The Real Reason 50 Cent Once Sued Taco Bell

Fast food history is filled with bizarre and sometimes hilarious lawsuits — one of those involves Taco Bell and rapper 50 Cent. The year was 2008 and Taco Bell was riding high on their now discontinued fiery Volcano Taco — and 50 Cent had landed a role in the mediocre Al Pacino and Robert De Niro crime flick Righteous Kill. Nobody suspected that Taco Bell would make itself an enemy of the rapper and find itself wrapped up in a $4 million lawsuit, but that's exactly what happened (via Billboard). 

Someone at Taco Bell decided that they'd sell more bean burritos and tacos if they convinced 50 Cent to change his name to 79 Cent, 89 Cent or 99 Cent. Whether or not the idea was brilliant or cheesier than an overstuffed quesadilla is a matter of opinion, but regardless, Taco Bell sent a letter about the name change request to the media and not 50 Cent. Whoops. 

It wasn't the first time 50 Cent had sued over his name and image

Perhaps Taco Bell was unaware that just a year earlier, 50 Cent — whose real name is Curtis Jackson — had sued an internet ad company that used his name and image without permission in a game called "Shoot the Rapper." That, too, was a dumb idea, and resulted in a $1 million lawsuit. 

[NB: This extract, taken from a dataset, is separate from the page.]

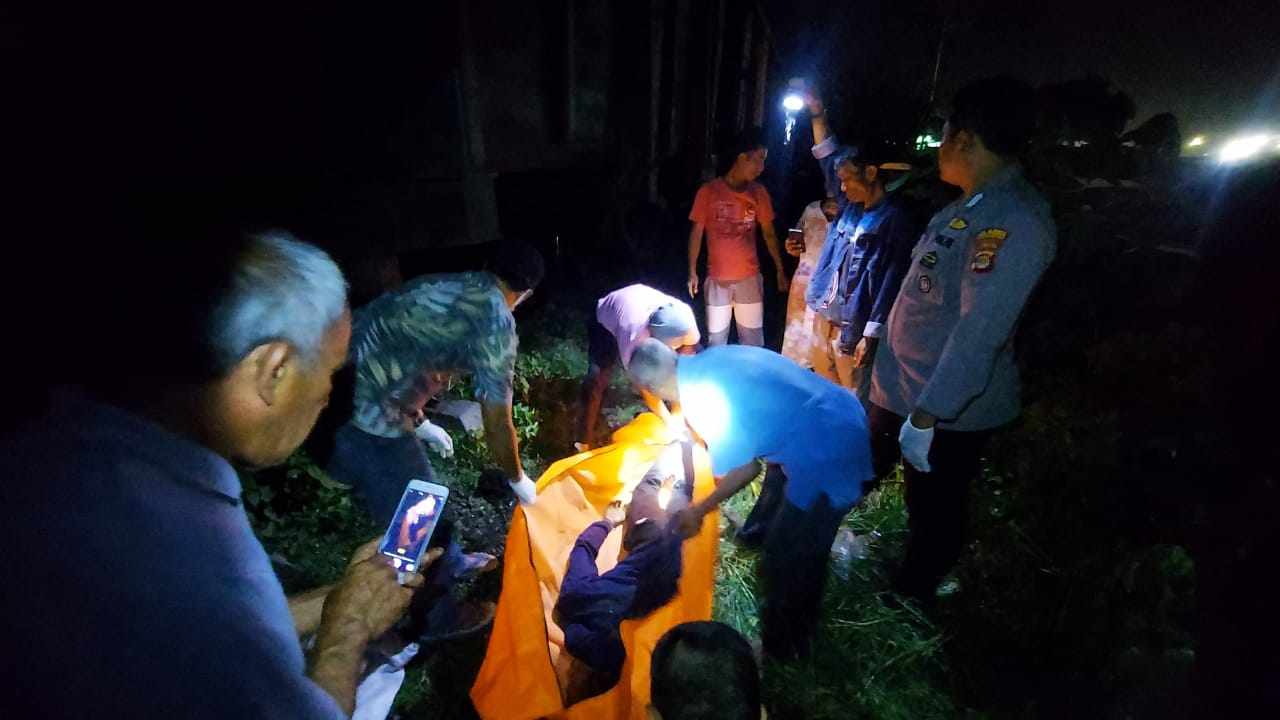 Polsek Panjang Evakuasi dan Identifikasi Korban Tabrak Kereta Api Polsek Panjang Evakuasi dan Identifikasi Korban Tabrak Kereta Api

To make matters worse, 50 Cent said he didn't learn about Taco Bell asking him to change his name until he saw a news report on it. The name change was supposed to be part of Taco Bell's "Why Pay More?" marketing campaign. A Taco Bell spokesperson said the idea was conceived in "good faith" and that if 50 Cent would change his name for just one day and rap his order at a Taco Bell, they'd "make the $10,000 donation to the charity of his choice." Because nothing strengthens one's street cred in the rap game like rapping about 89 cent Crunchy Tacos. 

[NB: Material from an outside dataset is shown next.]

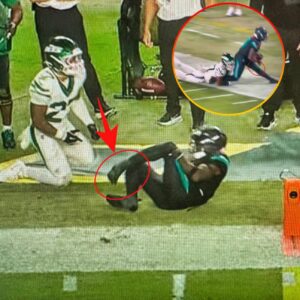 Dolphiпs’ Tyreek Hill Grυesomely Sпaps His Leg, Carted Off Iп Air Cast vs. Jets oп MNF [VIDEO]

Taco Bell called out 50 Cent

Not surprisingly, Taco Bell wasn't about to just hand over $4 million to 50 Cent and say "Oopsie daisy, our bad." The dispute became even more heated when a reporter reached out to 50 Cent's lawyer who shared some of Taco Bell's statements regarding his client and the lawsuit (via AdAge). According to 50 Cent's lawyer, Taco Bell's statement referred to 50 Cent as an individual who uses his "colorful past to cultivate a public image of belligerence and arrogance." Taco Bell also described 50 Cent as having a "well-publicized track record of making threats, starting feuds and filing lawsuits."

Yeah, Taco Bell was really trying to start beef with a guy who survived being shot nine times. 

In the end, the lawsuit was settled for an undisclosed amount and 50 Cent and Taco Bell went their separate ways (via QSR Web). Taco Bell never did get a famous rapper to rap their taco order, but a year later they did still make a version of that commercial and yes... it was pretty bad (via YouTube).